What needs to be done: Produce a word-for-word copy of the data below.

Data section:
++++++
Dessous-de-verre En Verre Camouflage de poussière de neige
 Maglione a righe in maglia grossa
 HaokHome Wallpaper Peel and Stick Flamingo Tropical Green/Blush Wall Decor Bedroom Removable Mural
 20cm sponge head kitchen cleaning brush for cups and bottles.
++++++
Exercise output:
Dessous-de-verre En Verre Camouflage de poussière de neige
 Maglione a righe in maglia grossa
 HaokHome Wallpaper Peel and Stick Flamingo Tropical Green/Blush Wall Decor Bedroom Removable Mural
 20cm sponge head kitchen cleaning brush for cups and bottles.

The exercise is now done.